Cuomo’s snub to Trump allows nonprofit leader Lorena Borjas to continue work in LGBT community


Lorena Borjas, a Queens-based LGBT activist and nonprofit leader, received a pardon from Governor Andrew Cuomo on Dec. 27 that will allow her to avoid deportation. (Illustration by Zach Williams/ NYN Media)

In a sense, President Donald Trump saved LGBT activist Lorena Borjas from deportation.

Borjas – the founder of an eponymous nonprofit that provides bail assistance to LGBT defendants – has been in danger of deportation ever since a misdemeanor state conviction more than 20 years ago. But a decadeslong effort to put her on the road to citizenship culminated this week when Gov. Andrew Cuomo included the Mexican native with 60 other people receiving clemency.

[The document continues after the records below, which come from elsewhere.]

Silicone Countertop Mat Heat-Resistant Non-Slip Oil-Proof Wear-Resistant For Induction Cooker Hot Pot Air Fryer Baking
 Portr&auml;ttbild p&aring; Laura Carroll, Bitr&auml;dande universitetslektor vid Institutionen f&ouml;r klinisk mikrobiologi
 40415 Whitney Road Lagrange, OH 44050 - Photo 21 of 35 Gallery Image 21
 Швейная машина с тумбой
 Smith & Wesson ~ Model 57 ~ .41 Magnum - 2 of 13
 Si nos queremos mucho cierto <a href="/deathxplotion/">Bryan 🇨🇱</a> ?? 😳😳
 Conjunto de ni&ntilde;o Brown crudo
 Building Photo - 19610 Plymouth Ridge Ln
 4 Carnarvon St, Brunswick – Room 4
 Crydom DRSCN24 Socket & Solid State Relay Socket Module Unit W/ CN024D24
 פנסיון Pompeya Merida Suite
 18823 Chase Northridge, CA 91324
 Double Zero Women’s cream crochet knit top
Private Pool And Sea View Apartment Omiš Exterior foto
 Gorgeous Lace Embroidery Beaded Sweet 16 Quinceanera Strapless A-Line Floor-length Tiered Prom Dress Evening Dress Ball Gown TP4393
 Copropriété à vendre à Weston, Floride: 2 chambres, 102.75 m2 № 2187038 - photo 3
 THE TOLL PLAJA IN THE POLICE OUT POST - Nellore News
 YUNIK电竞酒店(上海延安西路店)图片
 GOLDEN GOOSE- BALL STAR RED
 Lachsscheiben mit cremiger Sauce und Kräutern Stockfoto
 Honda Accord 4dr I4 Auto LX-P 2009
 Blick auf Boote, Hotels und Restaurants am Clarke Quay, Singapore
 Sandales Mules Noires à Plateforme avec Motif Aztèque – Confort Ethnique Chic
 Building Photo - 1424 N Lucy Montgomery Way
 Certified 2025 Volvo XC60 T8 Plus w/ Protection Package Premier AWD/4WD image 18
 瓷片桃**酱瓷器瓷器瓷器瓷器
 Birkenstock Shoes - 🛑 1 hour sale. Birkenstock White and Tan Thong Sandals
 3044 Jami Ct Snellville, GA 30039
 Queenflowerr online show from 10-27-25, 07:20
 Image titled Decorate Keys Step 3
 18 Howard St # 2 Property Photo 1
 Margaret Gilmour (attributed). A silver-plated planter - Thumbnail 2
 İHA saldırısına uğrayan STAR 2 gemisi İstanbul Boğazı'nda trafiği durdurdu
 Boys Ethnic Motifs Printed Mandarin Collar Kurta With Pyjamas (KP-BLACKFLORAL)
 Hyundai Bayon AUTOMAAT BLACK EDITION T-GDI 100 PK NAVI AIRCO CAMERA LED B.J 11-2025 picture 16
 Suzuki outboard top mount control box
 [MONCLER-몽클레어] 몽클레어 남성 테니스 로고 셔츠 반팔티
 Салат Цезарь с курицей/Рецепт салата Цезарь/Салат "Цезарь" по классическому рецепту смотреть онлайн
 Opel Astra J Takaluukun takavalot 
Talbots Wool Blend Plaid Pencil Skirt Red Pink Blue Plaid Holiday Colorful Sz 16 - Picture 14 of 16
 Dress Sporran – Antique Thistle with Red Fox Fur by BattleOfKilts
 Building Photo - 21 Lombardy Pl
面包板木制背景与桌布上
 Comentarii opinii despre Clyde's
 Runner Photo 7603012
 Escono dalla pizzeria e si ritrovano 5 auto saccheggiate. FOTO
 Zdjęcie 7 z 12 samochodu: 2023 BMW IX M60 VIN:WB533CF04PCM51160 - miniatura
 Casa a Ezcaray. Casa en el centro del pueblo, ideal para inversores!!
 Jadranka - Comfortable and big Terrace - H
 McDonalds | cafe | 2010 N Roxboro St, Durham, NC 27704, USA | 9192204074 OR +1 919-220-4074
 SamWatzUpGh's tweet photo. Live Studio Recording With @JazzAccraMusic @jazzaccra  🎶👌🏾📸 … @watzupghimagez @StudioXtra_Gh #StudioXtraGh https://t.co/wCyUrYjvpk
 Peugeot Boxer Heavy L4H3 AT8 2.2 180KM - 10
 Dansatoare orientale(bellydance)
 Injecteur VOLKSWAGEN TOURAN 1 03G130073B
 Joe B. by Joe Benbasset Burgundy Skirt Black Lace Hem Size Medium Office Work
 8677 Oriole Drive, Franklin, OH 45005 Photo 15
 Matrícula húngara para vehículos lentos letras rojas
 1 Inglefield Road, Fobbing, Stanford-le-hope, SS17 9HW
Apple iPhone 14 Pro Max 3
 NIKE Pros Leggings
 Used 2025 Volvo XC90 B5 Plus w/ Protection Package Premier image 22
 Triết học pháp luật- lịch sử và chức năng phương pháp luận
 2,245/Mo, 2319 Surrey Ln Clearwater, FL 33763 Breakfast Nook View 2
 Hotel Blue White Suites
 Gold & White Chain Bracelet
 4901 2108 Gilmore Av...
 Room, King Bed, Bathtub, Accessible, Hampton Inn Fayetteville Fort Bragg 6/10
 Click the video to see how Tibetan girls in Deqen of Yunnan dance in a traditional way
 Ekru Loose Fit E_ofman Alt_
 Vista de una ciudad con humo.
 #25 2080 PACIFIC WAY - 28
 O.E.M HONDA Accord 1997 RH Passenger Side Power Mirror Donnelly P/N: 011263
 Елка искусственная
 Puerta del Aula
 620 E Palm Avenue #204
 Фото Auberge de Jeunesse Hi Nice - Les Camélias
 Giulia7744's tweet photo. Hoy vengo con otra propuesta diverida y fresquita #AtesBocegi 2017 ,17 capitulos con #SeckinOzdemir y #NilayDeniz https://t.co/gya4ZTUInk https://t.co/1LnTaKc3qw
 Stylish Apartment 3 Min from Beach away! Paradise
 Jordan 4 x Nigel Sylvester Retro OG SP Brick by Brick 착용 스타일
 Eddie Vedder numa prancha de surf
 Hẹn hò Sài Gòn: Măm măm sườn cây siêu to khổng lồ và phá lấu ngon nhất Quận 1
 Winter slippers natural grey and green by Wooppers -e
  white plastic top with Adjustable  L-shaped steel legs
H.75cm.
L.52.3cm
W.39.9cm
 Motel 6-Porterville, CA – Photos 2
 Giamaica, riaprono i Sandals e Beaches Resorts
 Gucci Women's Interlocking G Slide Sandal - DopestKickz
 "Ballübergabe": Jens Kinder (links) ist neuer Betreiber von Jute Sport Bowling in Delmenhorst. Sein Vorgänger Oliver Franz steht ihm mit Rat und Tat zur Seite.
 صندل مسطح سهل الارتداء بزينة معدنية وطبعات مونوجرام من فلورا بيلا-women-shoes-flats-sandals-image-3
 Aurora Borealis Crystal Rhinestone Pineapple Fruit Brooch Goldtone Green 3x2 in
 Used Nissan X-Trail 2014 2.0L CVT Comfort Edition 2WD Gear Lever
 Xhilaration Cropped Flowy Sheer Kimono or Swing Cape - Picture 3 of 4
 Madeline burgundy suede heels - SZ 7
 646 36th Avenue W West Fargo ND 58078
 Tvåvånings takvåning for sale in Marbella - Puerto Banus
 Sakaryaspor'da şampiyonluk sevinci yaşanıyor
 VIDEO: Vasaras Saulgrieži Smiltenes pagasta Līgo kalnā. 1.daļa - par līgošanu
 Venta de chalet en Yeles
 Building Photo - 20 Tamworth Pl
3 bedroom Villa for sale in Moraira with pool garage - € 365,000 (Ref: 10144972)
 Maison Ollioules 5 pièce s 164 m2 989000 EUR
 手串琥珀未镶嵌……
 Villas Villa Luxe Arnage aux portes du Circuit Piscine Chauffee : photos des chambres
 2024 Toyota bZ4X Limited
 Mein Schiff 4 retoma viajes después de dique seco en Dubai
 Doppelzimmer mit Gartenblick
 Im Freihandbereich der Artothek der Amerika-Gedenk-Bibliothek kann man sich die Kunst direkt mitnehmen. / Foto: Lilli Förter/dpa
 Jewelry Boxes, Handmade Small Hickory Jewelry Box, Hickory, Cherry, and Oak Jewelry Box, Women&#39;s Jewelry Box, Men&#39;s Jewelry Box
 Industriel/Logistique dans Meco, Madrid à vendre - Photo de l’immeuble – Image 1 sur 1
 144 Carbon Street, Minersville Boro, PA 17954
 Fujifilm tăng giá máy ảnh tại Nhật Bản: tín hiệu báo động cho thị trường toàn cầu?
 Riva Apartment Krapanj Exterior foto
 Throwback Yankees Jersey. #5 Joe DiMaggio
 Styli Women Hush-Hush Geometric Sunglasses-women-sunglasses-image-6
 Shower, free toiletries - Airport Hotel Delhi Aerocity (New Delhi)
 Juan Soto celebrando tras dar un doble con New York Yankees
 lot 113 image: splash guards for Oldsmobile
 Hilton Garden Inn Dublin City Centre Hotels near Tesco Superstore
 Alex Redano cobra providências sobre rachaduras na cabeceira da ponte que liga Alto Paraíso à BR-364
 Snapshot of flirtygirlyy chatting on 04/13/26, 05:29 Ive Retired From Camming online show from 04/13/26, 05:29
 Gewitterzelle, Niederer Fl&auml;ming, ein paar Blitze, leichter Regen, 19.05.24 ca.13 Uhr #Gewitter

Cuomo – who issued only eight pardons in his first five years in office – made clear on Wednesday why he chose to act in the cases of 18 immigration-related pardons.

“While the federal government continues to target immigrants and threatens to tear families apart with deportation, these actions take a critical step toward a more just, more fair and more compassionate New York,” he said in a statement. “These New Yorkers have proved their rehabilitation.”

That process involved more than 20 years of work helping others escape the abusive situations similar to the one that led Borjas to a 1994 conviction for criminal facilitation in the fourth degree, which resulted from being a victim herself of trafficking, the statement added.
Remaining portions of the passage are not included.